Takeovers Panel Settles Kerifresh Matter

The Takeovers Panel announced today that it had accepted enforceable undertakings from Alan and Helen Thompson and from Hamish and Jonathan McHardy, and their associated interests, to provide a commercial solution after the Panel's recent enforcement actions involving shareholders and Kerifresh Limited.

The Panel notes that, in giving these undertakings, Hamish and Jonathan McHardy, and Alan and Helen Thompson, stated that they do not accept the correctness of the Panel's findings against them.

The Panel is aiming to achieve a solution that is appropriate and fair to the shareholders and the company itself. The Panel is trying to resolve the matter quickly and without recourse to the Courts.

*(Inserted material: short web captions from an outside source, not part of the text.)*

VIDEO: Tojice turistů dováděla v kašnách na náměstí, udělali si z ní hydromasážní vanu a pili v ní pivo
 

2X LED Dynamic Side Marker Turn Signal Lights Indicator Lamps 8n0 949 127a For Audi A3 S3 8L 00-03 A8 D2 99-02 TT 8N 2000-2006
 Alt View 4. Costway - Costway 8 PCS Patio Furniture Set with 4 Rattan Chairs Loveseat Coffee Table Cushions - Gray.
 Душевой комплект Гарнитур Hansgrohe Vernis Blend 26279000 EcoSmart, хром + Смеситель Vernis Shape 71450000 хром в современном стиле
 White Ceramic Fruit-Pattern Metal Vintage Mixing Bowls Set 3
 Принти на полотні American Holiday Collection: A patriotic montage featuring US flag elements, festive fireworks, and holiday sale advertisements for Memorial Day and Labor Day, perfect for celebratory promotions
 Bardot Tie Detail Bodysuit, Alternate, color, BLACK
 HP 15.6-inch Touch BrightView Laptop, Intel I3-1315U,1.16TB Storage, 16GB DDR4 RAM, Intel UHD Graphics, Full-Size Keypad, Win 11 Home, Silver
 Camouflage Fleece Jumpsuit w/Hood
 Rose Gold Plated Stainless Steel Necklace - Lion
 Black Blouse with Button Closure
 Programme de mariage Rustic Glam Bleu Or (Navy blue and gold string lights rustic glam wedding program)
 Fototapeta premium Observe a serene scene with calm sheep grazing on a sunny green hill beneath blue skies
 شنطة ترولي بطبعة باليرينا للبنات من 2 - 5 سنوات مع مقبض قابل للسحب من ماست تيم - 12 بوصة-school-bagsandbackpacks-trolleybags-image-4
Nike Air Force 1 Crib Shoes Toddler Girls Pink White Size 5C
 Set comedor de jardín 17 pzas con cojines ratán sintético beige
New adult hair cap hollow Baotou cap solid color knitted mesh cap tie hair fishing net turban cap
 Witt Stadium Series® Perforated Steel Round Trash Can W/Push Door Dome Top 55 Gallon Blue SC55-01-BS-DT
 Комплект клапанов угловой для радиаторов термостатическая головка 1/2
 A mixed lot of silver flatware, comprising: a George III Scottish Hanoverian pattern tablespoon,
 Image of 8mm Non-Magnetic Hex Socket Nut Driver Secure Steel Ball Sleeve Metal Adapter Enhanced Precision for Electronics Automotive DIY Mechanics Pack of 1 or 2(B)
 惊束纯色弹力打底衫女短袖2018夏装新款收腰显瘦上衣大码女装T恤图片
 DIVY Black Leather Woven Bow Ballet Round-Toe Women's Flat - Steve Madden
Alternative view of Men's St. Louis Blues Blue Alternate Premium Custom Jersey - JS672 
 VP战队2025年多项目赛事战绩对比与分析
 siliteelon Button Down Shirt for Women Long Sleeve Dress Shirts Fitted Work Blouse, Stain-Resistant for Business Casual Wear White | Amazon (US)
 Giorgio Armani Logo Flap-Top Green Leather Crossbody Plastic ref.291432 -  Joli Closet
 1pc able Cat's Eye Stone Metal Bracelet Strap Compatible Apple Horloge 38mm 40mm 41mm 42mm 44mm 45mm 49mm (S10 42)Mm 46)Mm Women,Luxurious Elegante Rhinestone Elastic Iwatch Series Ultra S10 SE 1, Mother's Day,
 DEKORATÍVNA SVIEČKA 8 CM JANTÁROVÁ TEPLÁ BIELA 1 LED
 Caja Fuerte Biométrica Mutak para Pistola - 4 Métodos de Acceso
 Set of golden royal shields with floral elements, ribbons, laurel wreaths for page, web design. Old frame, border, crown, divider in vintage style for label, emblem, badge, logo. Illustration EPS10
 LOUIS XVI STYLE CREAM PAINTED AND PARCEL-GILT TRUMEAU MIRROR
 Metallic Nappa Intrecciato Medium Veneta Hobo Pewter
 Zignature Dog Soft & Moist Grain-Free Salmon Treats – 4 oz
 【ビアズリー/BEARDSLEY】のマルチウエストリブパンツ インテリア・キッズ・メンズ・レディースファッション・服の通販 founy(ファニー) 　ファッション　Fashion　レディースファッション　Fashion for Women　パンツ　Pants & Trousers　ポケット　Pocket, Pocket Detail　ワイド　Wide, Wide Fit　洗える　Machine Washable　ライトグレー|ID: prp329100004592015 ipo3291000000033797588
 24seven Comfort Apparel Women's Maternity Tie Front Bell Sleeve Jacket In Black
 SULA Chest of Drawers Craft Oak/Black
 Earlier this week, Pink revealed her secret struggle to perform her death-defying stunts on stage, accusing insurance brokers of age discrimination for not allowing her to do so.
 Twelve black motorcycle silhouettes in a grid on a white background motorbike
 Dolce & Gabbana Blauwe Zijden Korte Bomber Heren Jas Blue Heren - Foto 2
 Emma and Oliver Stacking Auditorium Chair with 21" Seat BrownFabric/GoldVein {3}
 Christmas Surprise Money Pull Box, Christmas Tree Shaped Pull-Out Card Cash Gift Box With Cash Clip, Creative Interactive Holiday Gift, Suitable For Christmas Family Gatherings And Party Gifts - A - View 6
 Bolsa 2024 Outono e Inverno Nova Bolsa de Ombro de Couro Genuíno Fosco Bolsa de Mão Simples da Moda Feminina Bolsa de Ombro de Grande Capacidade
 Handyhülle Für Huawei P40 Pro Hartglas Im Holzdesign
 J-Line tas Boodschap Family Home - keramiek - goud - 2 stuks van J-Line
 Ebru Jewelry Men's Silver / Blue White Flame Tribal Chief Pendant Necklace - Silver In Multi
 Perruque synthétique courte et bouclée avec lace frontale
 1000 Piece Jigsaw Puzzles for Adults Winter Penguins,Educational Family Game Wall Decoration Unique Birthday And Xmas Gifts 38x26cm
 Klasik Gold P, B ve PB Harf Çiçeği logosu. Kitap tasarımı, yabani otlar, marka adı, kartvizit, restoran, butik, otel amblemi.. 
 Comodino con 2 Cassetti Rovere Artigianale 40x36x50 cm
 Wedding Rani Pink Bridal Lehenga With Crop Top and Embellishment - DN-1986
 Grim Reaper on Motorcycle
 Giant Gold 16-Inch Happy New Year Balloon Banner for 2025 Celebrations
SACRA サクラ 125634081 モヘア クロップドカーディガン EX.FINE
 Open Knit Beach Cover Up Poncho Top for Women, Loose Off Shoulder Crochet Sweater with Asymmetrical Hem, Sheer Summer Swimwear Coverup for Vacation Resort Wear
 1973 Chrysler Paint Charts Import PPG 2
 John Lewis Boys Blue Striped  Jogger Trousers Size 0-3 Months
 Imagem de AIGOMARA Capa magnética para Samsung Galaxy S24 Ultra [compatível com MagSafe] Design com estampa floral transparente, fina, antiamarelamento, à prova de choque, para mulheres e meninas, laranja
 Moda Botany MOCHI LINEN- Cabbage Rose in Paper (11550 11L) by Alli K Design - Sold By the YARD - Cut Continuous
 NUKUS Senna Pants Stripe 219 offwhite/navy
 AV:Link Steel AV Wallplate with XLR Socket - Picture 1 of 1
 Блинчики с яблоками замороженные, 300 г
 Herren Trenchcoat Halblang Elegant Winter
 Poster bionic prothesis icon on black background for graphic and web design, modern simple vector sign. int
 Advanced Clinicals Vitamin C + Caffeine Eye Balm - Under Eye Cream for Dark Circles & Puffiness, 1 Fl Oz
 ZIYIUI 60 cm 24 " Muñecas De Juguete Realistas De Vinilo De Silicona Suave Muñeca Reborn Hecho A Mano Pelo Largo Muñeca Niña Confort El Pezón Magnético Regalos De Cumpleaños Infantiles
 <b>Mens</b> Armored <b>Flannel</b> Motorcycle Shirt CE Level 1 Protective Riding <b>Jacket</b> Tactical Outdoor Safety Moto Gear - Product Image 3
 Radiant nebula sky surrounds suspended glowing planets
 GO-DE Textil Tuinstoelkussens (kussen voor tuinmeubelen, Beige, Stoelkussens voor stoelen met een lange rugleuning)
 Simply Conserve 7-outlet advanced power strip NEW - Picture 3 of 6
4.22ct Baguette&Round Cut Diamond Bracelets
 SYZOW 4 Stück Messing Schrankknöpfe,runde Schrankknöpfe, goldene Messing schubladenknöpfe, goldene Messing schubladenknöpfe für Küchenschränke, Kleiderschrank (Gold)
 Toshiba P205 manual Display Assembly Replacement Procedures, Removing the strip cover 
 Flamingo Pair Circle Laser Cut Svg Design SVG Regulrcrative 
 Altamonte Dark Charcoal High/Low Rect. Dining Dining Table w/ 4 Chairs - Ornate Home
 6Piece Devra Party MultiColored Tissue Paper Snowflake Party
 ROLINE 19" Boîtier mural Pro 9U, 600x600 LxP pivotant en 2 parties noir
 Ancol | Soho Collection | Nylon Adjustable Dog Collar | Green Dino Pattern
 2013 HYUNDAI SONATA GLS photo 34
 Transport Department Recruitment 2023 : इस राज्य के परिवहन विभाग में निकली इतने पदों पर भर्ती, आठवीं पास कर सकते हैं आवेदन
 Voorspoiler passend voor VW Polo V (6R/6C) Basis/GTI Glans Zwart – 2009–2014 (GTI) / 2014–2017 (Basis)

The approach the Panel has taken has several elements:

* The Kerifresh shares that the Panel found were acquired in breach of the Code (amounting to around 23% of the total voting rights in Kerifresh) must be transferred to an independent broker for sale by auction at the best price. The auction is to be an open book process. ABN AMRO Craigs has been appointed by the Panel to fulfil this role;

* The parties who were found by the Panel to have contravened the Code and who still hold Kerifresh shares, namely Alan and Helen Thompson and the trustees of the Murrayfield Trust, may bid for the auction shares to be held by ABN AMRO Craigs. If those parties obtain any auction shares through the auction process they must, within a few days, give notice under rule 41 of the Code that they intend to make a full takeover offer for the rest of the shares in Kerifresh. That offer must have a minimum acceptance condition of more than 50% of the voting rights in Kerifresh and other conditions must be approved by the Panel. Hamish McHardy has indicated he plans to give such a takeover notice;

* Any other person can also bid in the auction for shares. There is no requirement to bid for the whole parcel of auction shares. If these bidders wish to obtain auction shares that, when combined with the shares already held by them and their associates, exceed 20% of the voting rights in Kerifresh then ABN AMRO Craigs can enter into pre-bid arrangements for the auction shares as part of a takeover offer for Kerifresh that the bidder must then make;

* If a person acquires shares in the auction, and makes a takeover offer for Kerifresh, and the takeover offer fails, the person will have the right to retain or purchase the percentage of such shares in Kerifresh that it can legally obtain under the Code;

* The proceeds of sale of the auction shares will be remitted back to the Thompsons and the McHardys by the independent broker, after payment of the broker's reasonable costs and expenses, as sales proceeds become available.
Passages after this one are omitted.